2014年12月24日
漁業という日本の問題

漁業という日本の問題
この本を日本人すべてに読んでもらいたいと思う。世界に類を見ない「焼き畑漁業」を今も続ける日本。ほぼ無規制で獲ったもん勝ち、世界の海を荒らしまくった末に日本の海も砂漠化させつつあるのに産官学一体となって問題を先送りしている。日本漁業を衰退させたのは消費者の魚離れでも燃料高でもなく、無秩序な乱獲による資源の枯渇。つまり日本人はもう魚を獲り尽くしたのだ。これまで疑問に思っていたことが全て氷解する名著。著者の勝川俊雄氏は若干42歳で漁業を愛し日本を変えつつある研究者。論旨は正確でニュートラルでわかりやすく面白く、ひと晩で一気に読めます。ぜひぜひ!

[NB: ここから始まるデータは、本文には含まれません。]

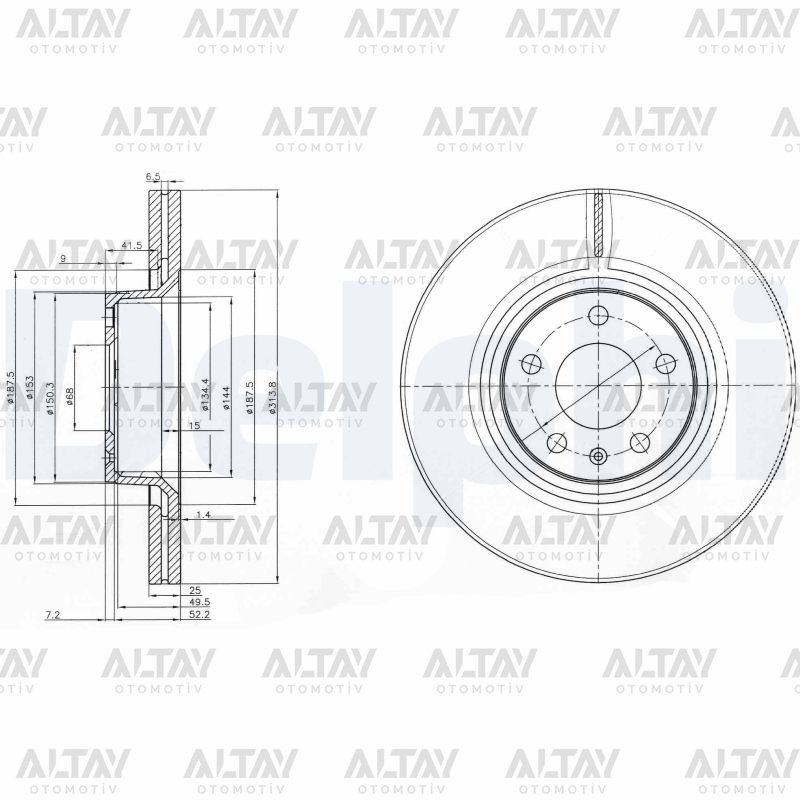 FREN DISKI A6 05-11 ON 314MM (SET)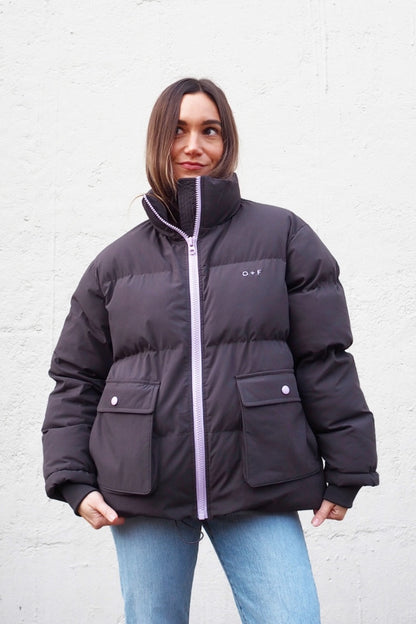 O&F Charcoal Grey Puffer Jacket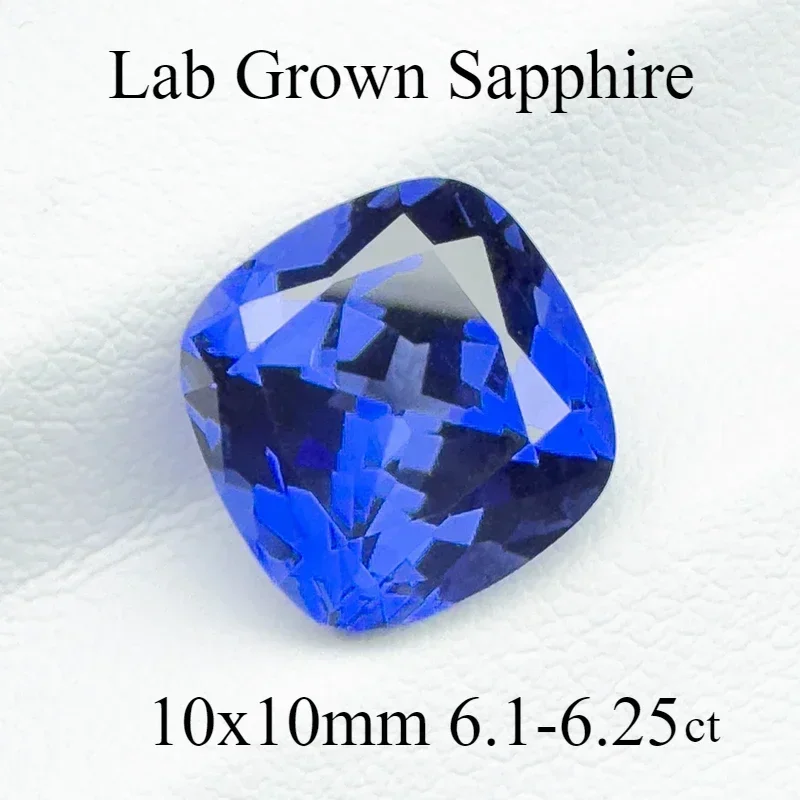 새로운 도매 랩 그로운 사파이어 사각 쿠션 로얄 블루 10x14mm 6.1-6.25캐럿 VVS1 인공 보석 (주얼리 제작용)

例えば東シナ海はこんな感じ。日本人が獲って獲って獲りまくり、中国・韓国船が来た時にはもう枯渇しきっていた。今はもう、底引き網を入れても何も穫れない砂漠のような海なのだという。ちなみに日本人の「魚食文化」は沿岸漁民を除けばほとんど戦後に始まったもので、さほど歴史はない。それがこの50年で日本の海を食い尽くしてしまった。
少し前にイカ釣り船の燃油問題がニュースを賑わした。あれはエンジンの燃料ではなく過剰な集魚灯のための燃油である。実際にはもっと暗くしても十分にイカは獲れるのだそうだ。なぜ過剰に明るくするのか。無規制の早い者勝ちシステムゆえに隣の船より早く多く獲るために必要なのだ。漁獲量を個別規制すれば解決する問題なのに、誰もやろうとしない。
世界の漁業国はすべて科学的に資源管理をしているが(韓国でさえ!)、日本はほぼノールール・ゲームである。自分が獲らなきゃ他人が獲る。目先の金になるものを奪い合って獲るしかないのだ。政治も学会もメディアも見て見ぬふりをして問題を先送りしてきた。結果的に生産者は自分の首を絞め、消費者も損をする。ここで思うのだが、このようなことは漁業に限らずあらゆる業界で起こっているのではないか。自分が属する建築界も例外ではない。日本の社会構造や日本人のメンタリティが関わっているように思えてならない。
※基本的にイデオロギー的なものは好きではないし拡散したくもないのですが、勝川氏は違います。科学的、実証的アプローチで日本の漁業に警鐘を鳴らし幅広く活動されています。